Initialize with GLM parameters

# initialize with GLM weights
w0       <- get_weights(model)
w0[[7]]  <- array(0, dim=dim(w0[[7]]))
w0[[8]]  <- array(d.glm$coefficients[2:(length(names0)+1)], dim=dim(w0[[8]]))    # these biases are set to the GLM parameters
w0[[9]]  <- array(1, dim=dim(w0[[9]]))
w0[[10]] <- array(d.glm$coefficients[1], dim=dim(w0[[10]]))
set_weights(model, w0)

# check correctness of this GLM initialization
learn.GLM <- model %>% predict(list(Xlearn, Vlearn), batch_size=10^6)
test.GLM  <- model %>% predict(list(Xtest, Vtest), batch_size=10^6)
(loss.GLM <- round(c(Poisson.Deviance(learn.GLM, Ylearn, Vlearn), Poisson.Deviance(test.GLM, Ytest, Vtest)), 3))
[1] 45.761 45.629

LocalGLMnet fitting

## define callback for early stopping
if (!dir.exists("./Networks")){dir.create("./Networks")}
path1 <- paste0("./Networks/LocalGLMnet1",seed,".weights.h5")
CBs <- callback_model_checkpoint(path1, monitor = "val_loss", verbose = 0,  save_best_only = TRUE, save_weights_only = TRUE)

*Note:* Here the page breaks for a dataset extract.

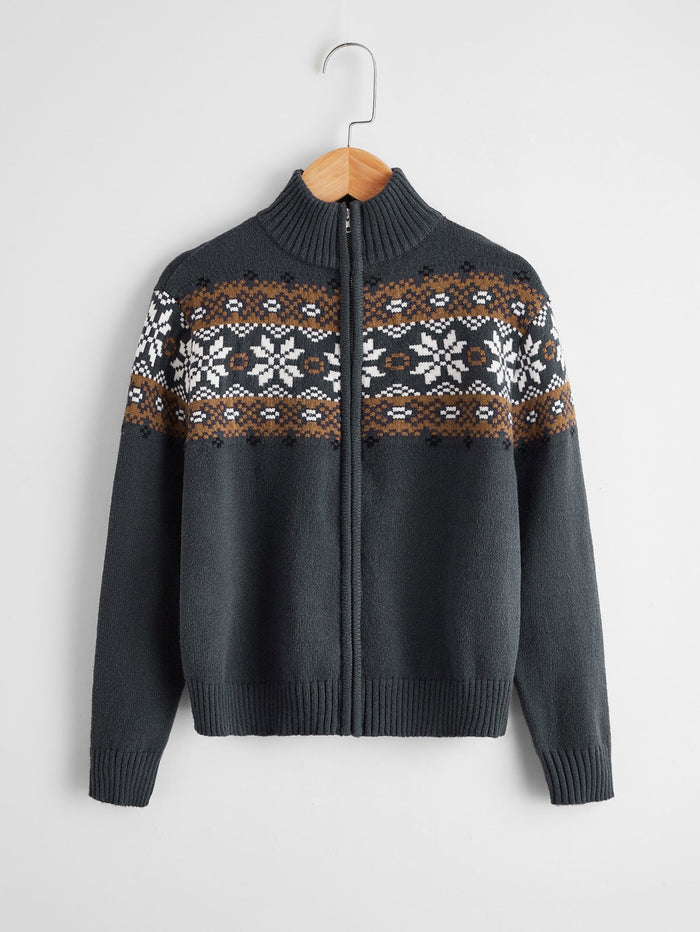 Boys Zipper Front Fair Isle Cardigan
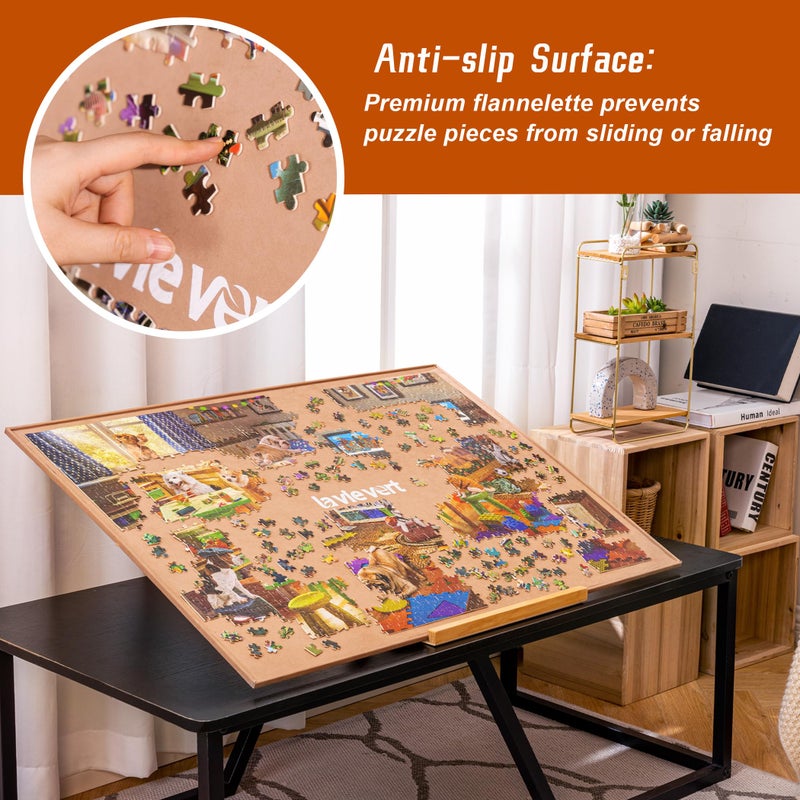 Lavievert Jigsaw Puzzle Board Portable Puzzle Saver for Puzzle Storage, Lightweight & Easy Transport, for 1500 Piece Jigsaws Puzzles (Khaki) - Image 2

## compile with Poisson deviance loss and nadam optimizer
model %>% compile(loss = 'poisson', optimizer = 'nadam')
##
fit <- model %>% fit(list(Xlearn, Vlearn),  Ylearn,
                    validation_split=0.1, batch_size=5000, epochs=200, verbose=0, callbacks=CBs)
# early stopping time
which.min(fit[[2]]$val_loss)
[1] 38

LocalGLMnet results

# load early stopping solution
model$load_weights(path1)
w2 <- get_weights(model)

# cumpute the mean estimates
learn$LocalGLMnet <- model %>% predict(list(Xlearn, Vlearn), batch_size=10^6)
test$LocalGLMnet <- model %>% predict(list(Xtest, Vtest), batch_size=10^6)

# in-sample and out-of-sample losses
rbind(round(loss.LocalGLMnet <- c(Poisson.Deviance(learn$LocalGLMnet, Ylearn, Vlearn), Poisson.Deviance(test$LocalGLMnet, Ytest, Vtest)), 3), loss.GLM)
                   [,1]   [,2]
loss.LocalGLMnet 44.907 45.060
loss.GLM         45.761 45.629

4.2 Comparison to the previous results

model in-sample loss out-of-sample loss balance (in %)
Poisson null model 47.722 47.967 7.36
Poisson GLM 45.585 45.435 7.36
Poisson FNN 44.846 44.925 7.17
embedding FNN 45.030 44.948 7.16
LocalGLMnet 44.907 45.060 7.26

  • The LocalGLMnet seems slightly worse. This is also impacted by adding the pure noise term RandN (more over-fitting potential), which we need below for variable selection. For fitting the final model, this pure noise term should be dropped and the model re-fitted.

  • Standard deviations in in-sample and out-of-sample losses were 0.053 and 0.033, respectively (from ensembling).

4.3 Illustration of LocalGLMnet results

## extract the attention weight module
aa <- keras_model(inputs=model$input, outputs=get_layer(model, 'Attention')$output)

## compute the attention weights
Aa.x <- data.frame(aa %>% predict(list(Xtest, Vtest), batch_size=10^6))
names(Aa.x) <- names0              # label the columns
Aa.x <- Aa.x * as.numeric(w2[[9]]) # account for overall scaling of output

## summary statistics of the purely random component
c(mean(Aa.x[,"RandN"]), sdN <- sd(Aa.x[,"RandN"]))
[1] -0.01904157  0.03891009

\(\Longrightarrow\) This is the bias and uncertainty that can be explained by pure noise.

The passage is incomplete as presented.